How Siemens uses AI to predict maintenance problems and lower costs
6 mins read

How Siemens uses AI to predict maintenance problems and lower costs

  • Siemens uses AI to address industrial challenges such as safety and labor shortages.
  • Siemens says its AI tools, such as Senseye, increase productivity and reduce costs for global customers.
  • This article is part of “The CXO AI Playbook” — live conversations from business leaders about how they’re testing and using AI.

Siemens is a German technology company active in many sectors, including industry, infrastructure, transportation and healthcare. It has approximately 320,000 employees worldwide.

Situation Analysis: What problem was the company trying to solve?

The industrial sector is facing several challengesincluding safety and security regulations, environmental sustainability and shortage of skilled experts. Peter Koerte, Siemens’ chief technology officer and chief strategy officer, said the company aims to solve many of these problems with artificial intelligence.

“What’s most important for AI is that in an industrial context it has to be safe, it has to be reliable and it has to be reliable,” he told Business Insider. Siemens, which has invested in AI for about 50 years, offers several industrial AI products which helps manufacturers in various industries, such as automotive and aerospace, to predict maintenance problems and improve worker productivity using data.

“We believe that if we can take data from the real world, simulate it, understand it in the digital world, we can be much faster for our customers and our customers can be more competitive, more resilient and more sustainable,” Koerte said.

Key personnel and stakeholders

Koerte said Siemens is working with a number of technology partners on its industrial AI products and services, including Google, Microsoft, Nvidia, Amazon Web Services and Meta. The company has around 1,500 employees with AI expertise working closely with these tech companies, and Siemens’ internal product development teams are also involved.

AI in action

Siemens’ industrial AI work focuses on predictive maintenance, technology to assist workers and generative product design.

A product is Senseye Predictive Maintenancea tool that integrates with a manufacturer’s data sources and uses AI to analyze the information. The company said the platform provides insights into how well machines, tools and other infrastructure are working. The technology can also help predict maintenance issues, increasing productivity and helping companies accelerate the adoption of technology in their operations.


Headshot of a man in a black blazer and white button-down shirt

Peter Koerte is Chief Technology Officer and Chief Strategy Officer at Siemens.

Courtesy of Siemens



Recently, Siemens debuted Industrial Copilota generative AI-powered assistant for engineers in industrial environments. The assistant can generate code automatically, identify problems quickly and provide advice to support technical tasks, such as troubleshooting equipment maintenance. The company said the tool could increase “human-machine collaboration” and enable companies to address labor shortages while remaining competitive.
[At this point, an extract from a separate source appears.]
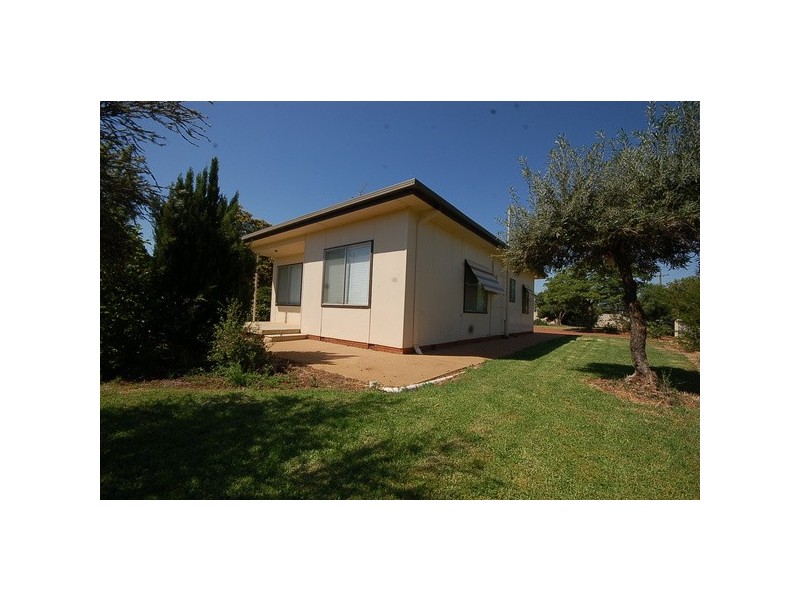 18 Moura Street, Yoogali NSW 2680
Koerte said that when Industrial Copilot notifies a worker of a problem with equipment or software, the employee can use verbal commands in any language to create a work order, which is automatically sent to a team in another country to take action to resolve the problem. “AI breaks down barriers and democratizes many of the technologies because we take the complexity out of them,” he said.

Did it work, and how did the leaders know?

Siemens found that companies using Senseye Predictive Maintenance have reduced maintenance costs by 40%, increased maintenance staff productivity by 55% and reduced the time a machine is unavailable for maintenance by 50%.

Australian steel company BlueScope implemented the predictive maintenance platform in 2021 to minimize downtime across its factories, increase uptime, improve the speed at which it can produce products and lower costs. Together, Senseye and BlueScope’s IoT sensors can detect abnormal vibrations in equipment early, preventing maintenance issues and saving the company money.

Schaeffler Group, a German automotive and industrial supplier, augmented a production machine with Industrial Copilot. Its engineers can now generate code faster for programmable logic controllers, the devices that control machines in factories. Siemens said the technology helps Schaeffler Group automate repetitive tasks, reduce errors and free up engineers for “higher-value work.”

What happens next?

Koerte said Siemens continues to research and develop new use cases for AI.

The company is working on a project that feeds computer-aided design data, such as models and digital drawings, into large language models and prompts it to create products.

The project is still in the early stages of development, but Koerte said it could enable design engineers, particularly in the automotive sector, to create more product variations and produce higher-quality items faster.